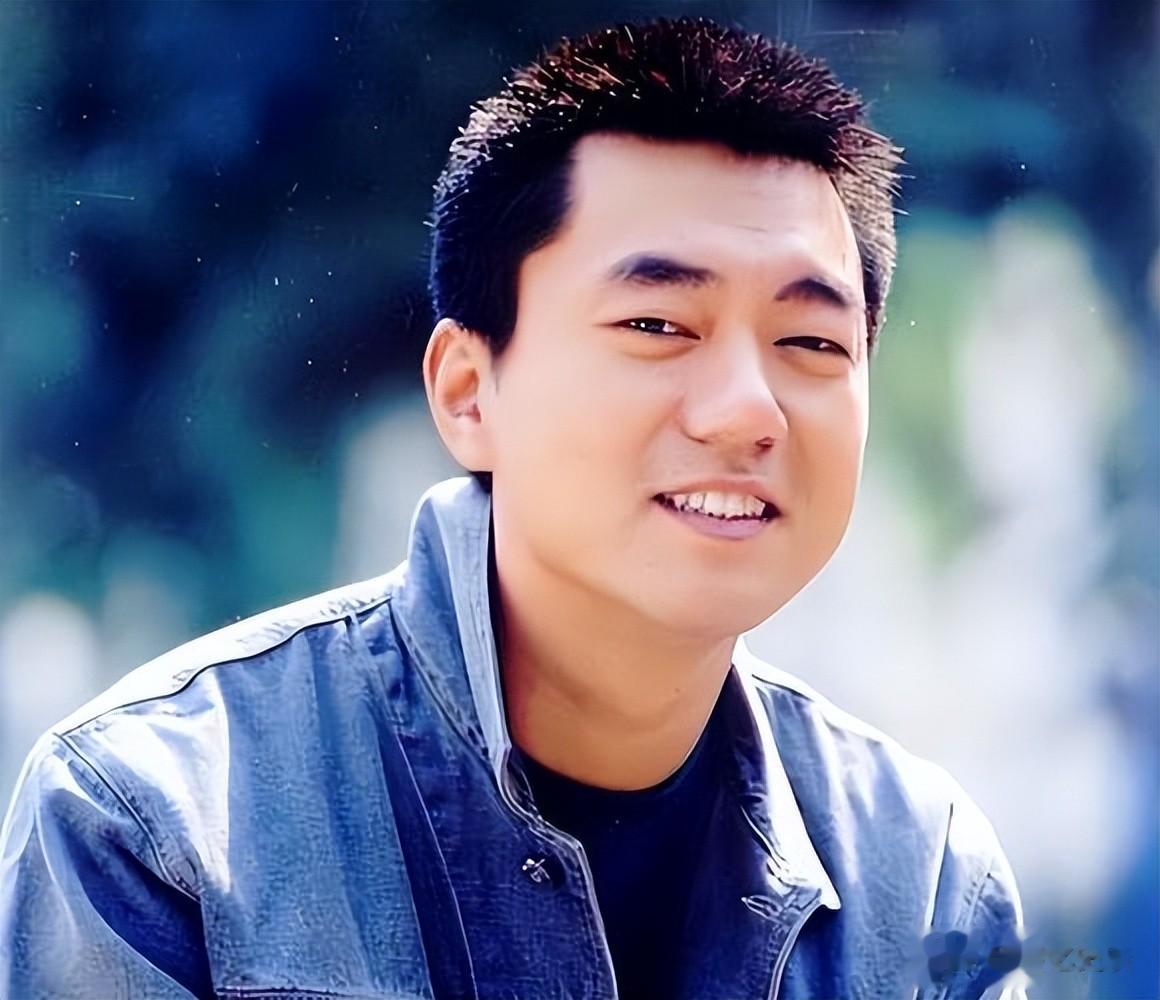 演员董勇：离婚后坚决不再婚，却在45岁被嫂子“逼迫”相亲娶娇妻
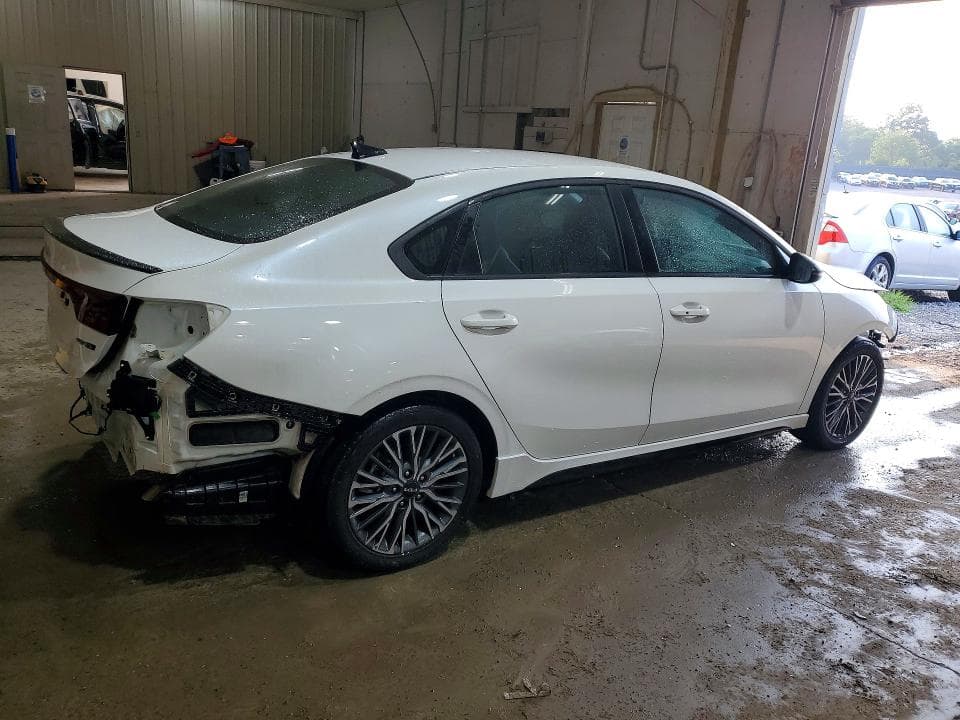 2024 KIA FORTE GT LINE 3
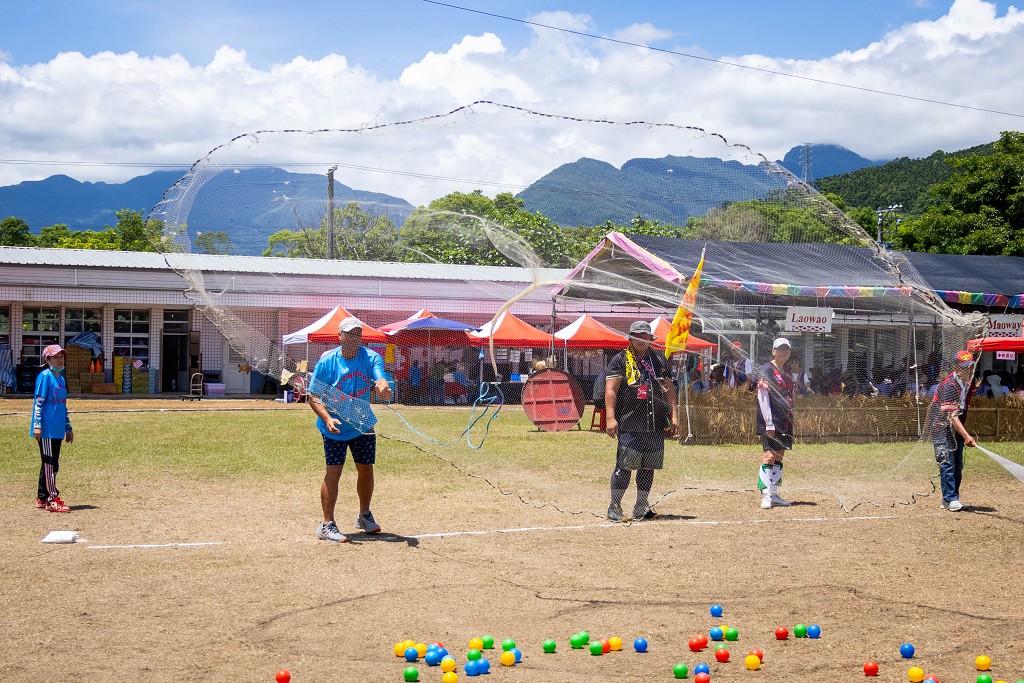 繁花盛開在吉娜魯岸，歡迎來到2025年鳳信部落豐年祭！內有飲酒議題請注意喝酒不開車開車不喝酒！ @圍事小哥的幸福相框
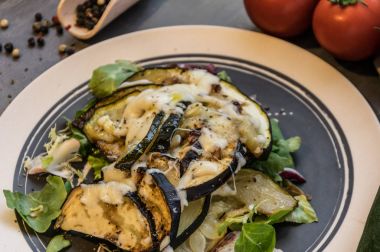 Pişmiş kabak ve patlıcan peynir ile serpilir buz salata üzerinde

Exercise requirements: Copy the lines above exactly and exclude every image.

Solution for this task:
 演员董勇：离婚后坚决不再婚，却在45岁被嫂子“逼迫”相亲娶娇妻
 2024 KIA FORTE GT LINE 3
 繁花盛開在吉娜魯岸，歡迎來到2025年鳳信部落豐年祭！內有飲酒議題請注意喝酒不開車開車不喝酒！ @圍事小哥的幸福相框
 Pişmiş kabak ve patlıcan peynir ile serpilir buz salata üzerinde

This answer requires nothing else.